Take the average pencil. Unless you are a solipsist, it is something anybody can use, and yet if I decide I need it to add up a column of figures, say, then it suddenly becomes a part of my brain. And just like that I have a tendril, an ancillation, however briefly.
Or, to ice the cake, how about a collaboration with friends or colleagues to solve a problem? Does my brain have to stay confined behind my eyes, or can it reach for things? It can’t know everything, so does using something in its environment to solve an otherwise irremediable problem still count as its own activity? I mean, where does my mind stop? Of course at some point it may be hard to continue to call it my mind -and yet if I’m using the data and learning from it, then why not?
Anyway, my ever expanding brain asks if books count as appendages. They are part of its Umwelt, so are they also a part of its purview, however tenuously? And if so, how about other people…? Am I –hopefully as an agent of my mind- therefore, in fact, the world…? Whoa. You see why it’s so hard to dismiss solipsism out of hand…? Whose world, then, is it?
Even to think about that is to ride a bucking horse. Perhaps a safer question would be to ask whether or not we are all interconnected. Whether or not we are all interdependent. But even there, at some stage, the boundaries of mind just become too complicated to manage. The warp and weft of the pattern too Byzantine to decipher no matter how compelling the epiphany.
It’s at times like this, that the concept of the ant-hill mind begins to surface –begins to demand corroboration. I therefore decided to keep my ears eavesdropped and my brain alert to nuance that I might otherwise have missed. After all, madness is only that if it is judged so by another.
I wanted to check it out a bit before I confessed my thoughts, however -you can’t just go up to someone and, even with a lengthy prologue, ask them whether or not they think your brain is everywhere.
I got an opportunity to suss it out at a busy local bakery. Normally I avoid bakeries –there is just too much temptation as soon as you walk through the door: the smell of fresh bread, and newly iced buns… All out on display where you can see, but not touch them. I could, however, with my newly discovered mental powers –I reached out and fingered a few cookies, then licked the icing off a large bun with my brain. It even snuck up on a loaf and took a big bite through the still warm crust. Everybody thought I was just standing there waiting to buy something, until they saw me blushing.

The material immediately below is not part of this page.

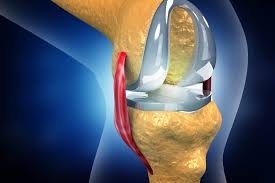 Joint Replacement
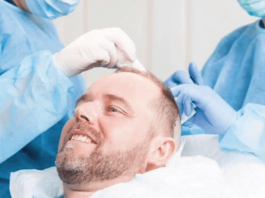 Trapianto capelli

There was a very attractive woman standing just in front of me in the line and she must have noticed a few people staring at me so she turned around to look. The problem with an invisibly-reaching brain is that it becomes so enmeshed in the reachee that it often forgets to turn off the emotion that goes with the reacher –glutton guilt in this case.
I think I discovered something very important in that moment: evolution is fond of exaptation –it makes do with a perfectly good response for one emotion and uses it for other stuff as well. I now realize that blushing for glutton-thoughts, cannot easily and without closer questioning, be differentiated from lust-blushing. Of course, if my brain hadn’t been so quickly enamoured with the buns behind the counter, it may well have reached elsewhere, but it had slowed with age and so I felt like yet another victim of fake news.

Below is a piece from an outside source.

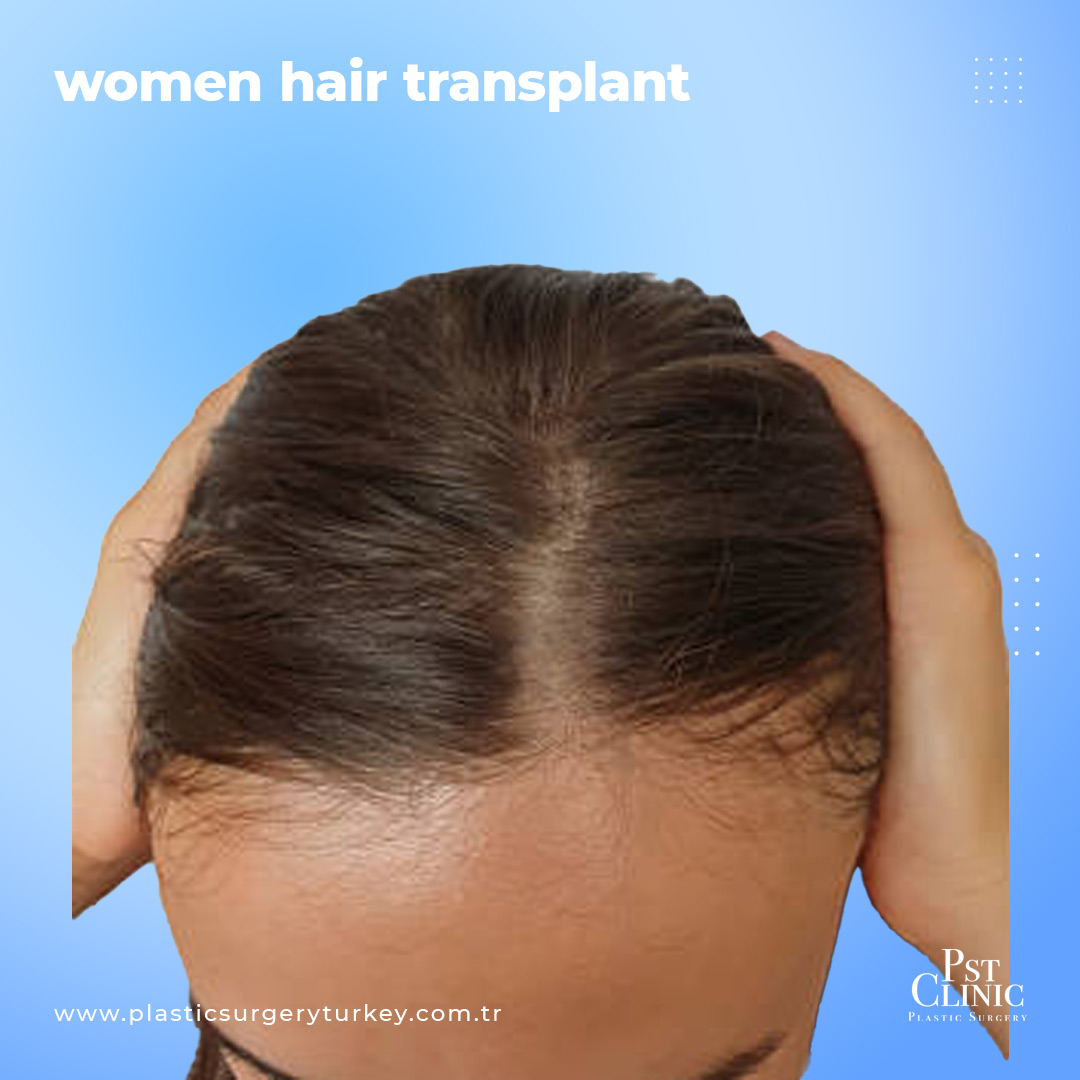 Female hair transplant turkey  Hair transplant Clinic in Turkey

And as soon as the woman turned to face me, every eye in the place seemed to have read at least the first few lines of that news article, and it had clearly fit with their confirmation biases. Every lip smirked, and every forehead wrinkled, although I thought I noticed a couple of congratulatory concurrence winks of support from two young men sitting near the window –but I couldn’t be sure. The mood in the room was stiff with anticipation, and my brain, clearly unprepared for the mix-up, slapped a smile on my face –the last resort of the cornered guilty.
For one agonizing moment I felt accused by the woman’s battle hardened eyes and a mouth clearly accustomed to a quick but withering rebuke. And my brain? It was safely back inside the confines of my skull, peering out from beneath the ocular ridges like someone calmly watching a news program and figuring it’d let me deal with the headlines this time.

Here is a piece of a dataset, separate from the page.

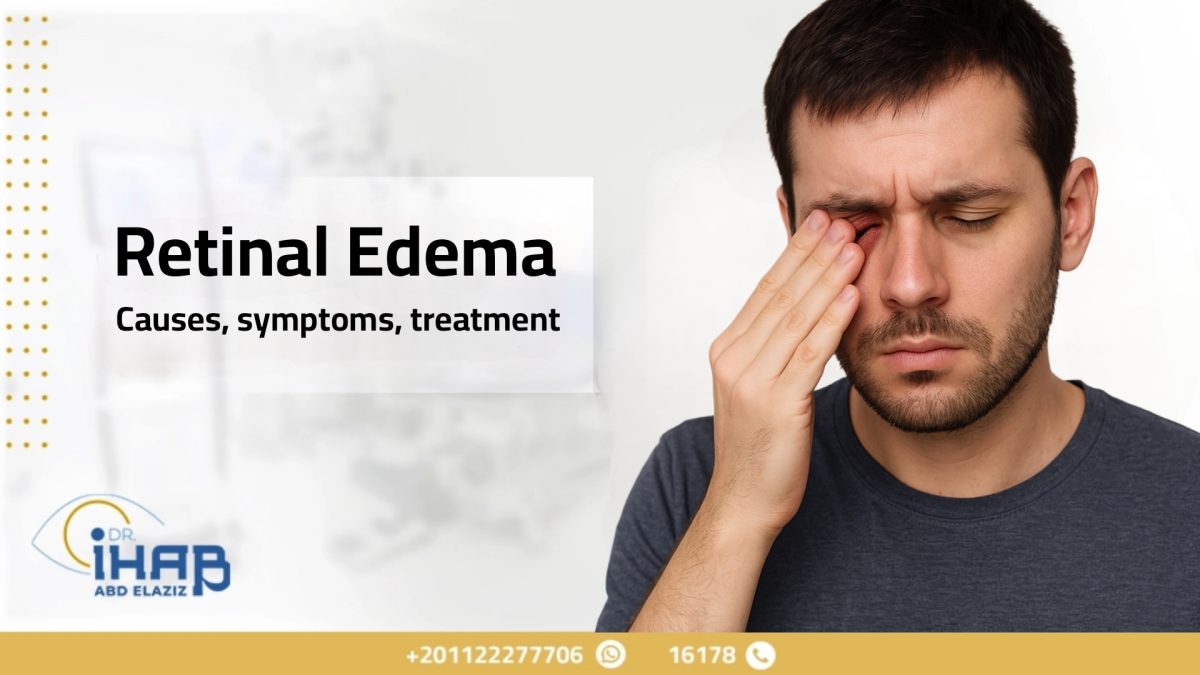 Retinal Edema ( Macular edema ) Causes and Treatment | Dr. Ehab Abdelaziz 1 A close-up of a human eye showing signs of retinal edema and macular fluid accumulation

But as soon as she saw me, her face softened like a visitor to an old folks home and her eyes welcomed my blush as if I should be proud that I could still manage a few carnal thoughts. And as if she herself was proud that she could still awaken desire in someone so close to the end.
My brain briefly reached out, intoxicated with her perfume, but I managed to restrain it from a further grab at the last moment. I don’t think she noticed the lunge though because the smile never left her face. I could tell she was trying to put me at my ease when she pointed at some of the baked goods on seductive display behind the glass of the counter.
“Great looking buns, eh?” she said, oblivious to the double entendre as she turned to order them from the clerk.
With great effort, I held my brain back, and when my turn came, ordered a dozen muffins that it hadn’t licked. I’m beginning to think I can’t take it anywhere without a leash.